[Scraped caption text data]
•••

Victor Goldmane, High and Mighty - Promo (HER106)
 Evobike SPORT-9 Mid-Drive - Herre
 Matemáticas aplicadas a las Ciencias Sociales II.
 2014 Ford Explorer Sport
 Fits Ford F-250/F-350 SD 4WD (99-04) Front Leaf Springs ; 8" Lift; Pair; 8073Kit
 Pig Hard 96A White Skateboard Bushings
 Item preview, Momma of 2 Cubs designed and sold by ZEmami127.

•••

- EXERCISE INSTRUCTIONS: What you return should match every line above exactly.

- RESPONSE TO THE EXERCISE:
Victor Goldmane, High and Mighty - Promo (HER106)
 Evobike SPORT-9 Mid-Drive - Herre
 Matemáticas aplicadas a las Ciencias Sociales II.
 2014 Ford Explorer Sport
 Fits Ford F-250/F-350 SD 4WD (99-04) Front Leaf Springs ; 8" Lift; Pair; 8073Kit
 Pig Hard 96A White Skateboard Bushings
 Item preview, Momma of 2 Cubs designed and sold by ZEmami127.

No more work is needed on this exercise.